Page David, Ong Irene M
Department of Biostatistics & Medical Informatics, University of Wisconsin, Madison, WI 53706, USA.
Pac Symp Biocomput. 2006:267-78.
Bayesian networks (BNs) and dynamic Bayesian networks (DBNs) are becoming more widely used as a way to learn various types of networks, including cellular signaling networks, from high-throughput data. Due to the high cost of performing experiments, we are interested in developing an experimental design for time series data generation. Specifically, we are interested in determining properties of time series data that make them more efficient for DBN modeling. We present a theoretical analysis on the ability of DBNs without hidden variables to learn from proteomic time series data.
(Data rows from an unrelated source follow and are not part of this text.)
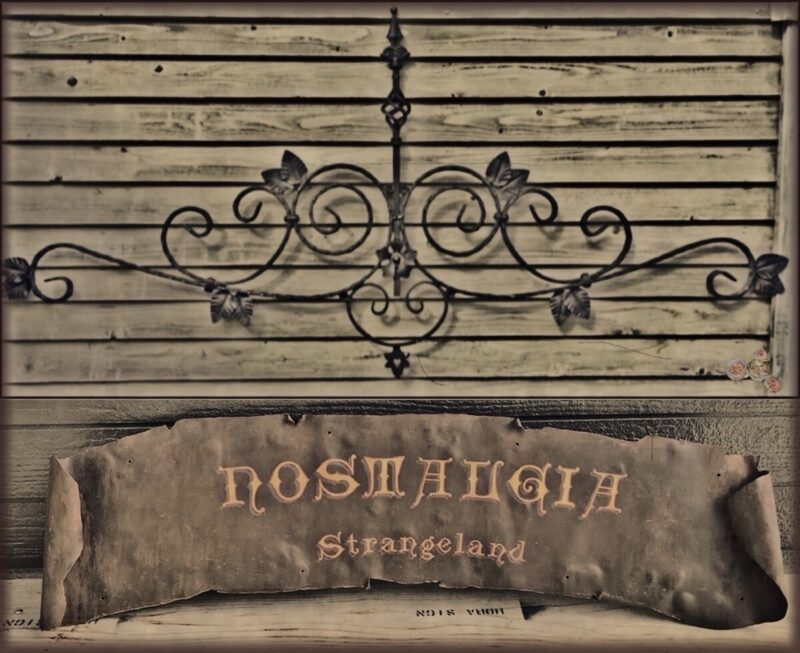 イギリス名品図鑑 74 ジョンストンズのアイキャッチ画像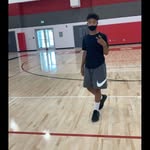 Noah hinkle - @peanubutter_1 - Instagram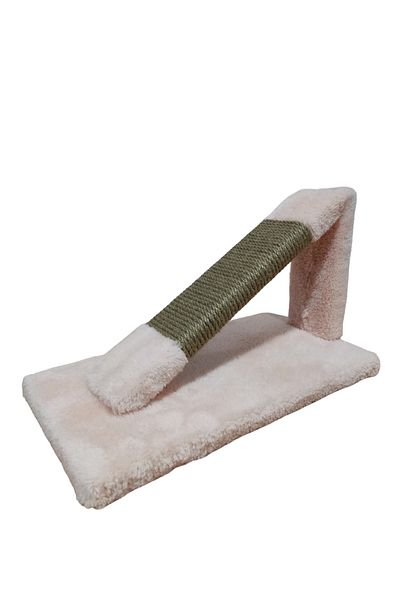 CATABYSS Horizontal Scratching - Comfortable Cutting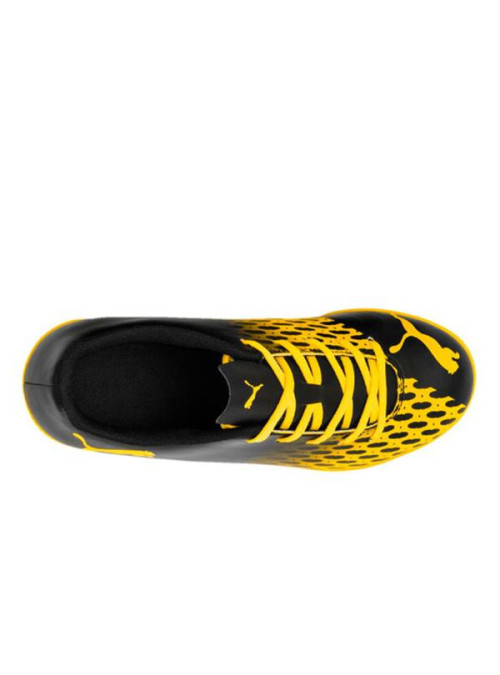 Puma SPIRIT III IT JR 10607301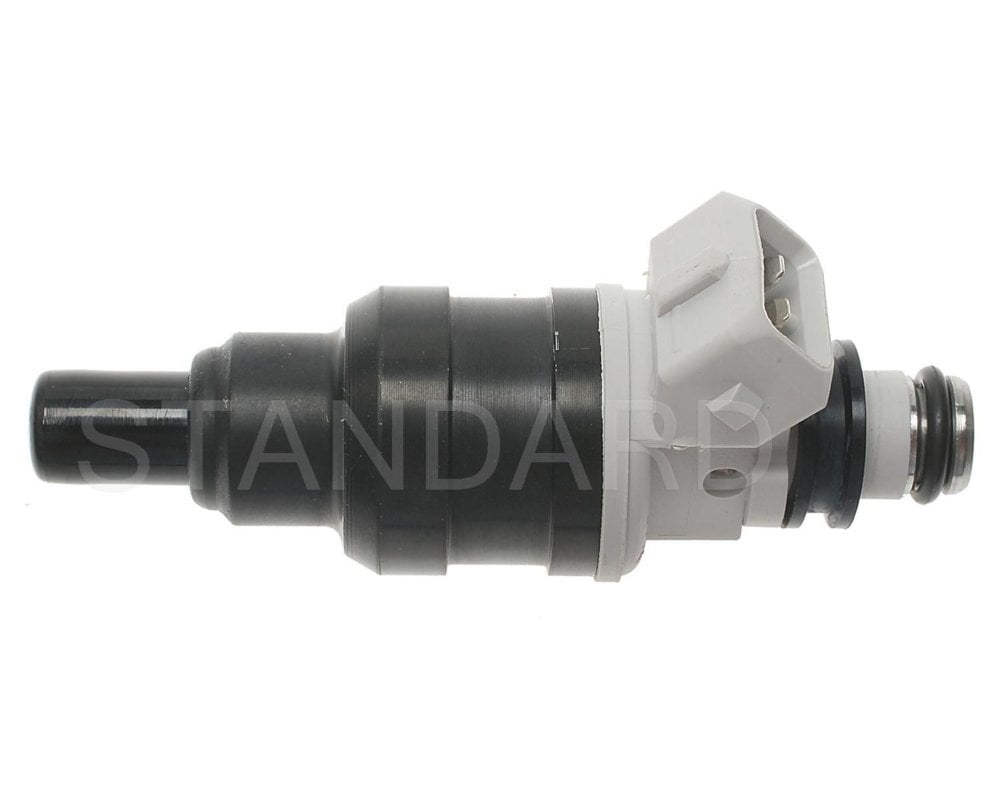 ACDelco 12669384 Original Equipment Indirect Fuel Injector for GM 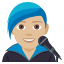 /png/64/1f468-1f3fc-1f3a4.png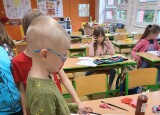 SLUNEČNICE (13).jpg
The analysis reveals, among other lessons, that under a reasonable set of assumptions a fixed budget is better spent on collecting many short time series data than on a few long time series data.
贝叶斯网络(BNs)和动态贝叶斯网络(DBNs)作为一种从高通量数据中学习包括细胞信号网络在内的各种类型网络的方法,正得到越来越广泛的应用。由于进行实验的成本高昂,我们有兴趣开发一种用于生成时间序列数据的实验设计。具体而言,我们感兴趣的是确定时间序列数据的属性,这些属性使其在DBN建模中更有效。我们对无隐藏变量的DBN从蛋白质组学时间序列数据中学习的能力进行了理论分析。该分析揭示了诸多要点,其中包括在一组合理的假设下,固定预算用于收集许多短时间序列数据比用于少数长时间序列数据效果更好。